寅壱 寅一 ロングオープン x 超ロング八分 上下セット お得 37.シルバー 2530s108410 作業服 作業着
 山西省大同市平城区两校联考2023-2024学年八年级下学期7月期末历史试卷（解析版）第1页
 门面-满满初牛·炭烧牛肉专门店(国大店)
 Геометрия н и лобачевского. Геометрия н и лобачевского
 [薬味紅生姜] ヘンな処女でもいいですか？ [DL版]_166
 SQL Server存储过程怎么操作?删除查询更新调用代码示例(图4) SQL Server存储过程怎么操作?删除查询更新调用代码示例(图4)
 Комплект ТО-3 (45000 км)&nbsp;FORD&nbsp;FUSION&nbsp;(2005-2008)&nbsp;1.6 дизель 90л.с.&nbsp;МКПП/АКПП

........

— DIRECTIONS FOR THIS TASK —
The expected output is the lines from the one with "[薬味紅生姜] ヘンな処女でもいいですか？ [DL版]_166" through the end of the data, exactly as written and nothing more.

— ANSWER TO THE PROBLEM —
 [薬味紅生姜] ヘンな処女でもいいですか？ [DL版]_166
 SQL Server存储过程怎么操作?删除查询更新调用代码示例(图4) SQL Server存储过程怎么操作?删除查询更新调用代码示例(图4)
 Комплект ТО-3 (45000 км)&nbsp;FORD&nbsp;FUSION&nbsp;(2005-2008)&nbsp;1.6 дизель 90л.с.&nbsp;МКПП/АКПП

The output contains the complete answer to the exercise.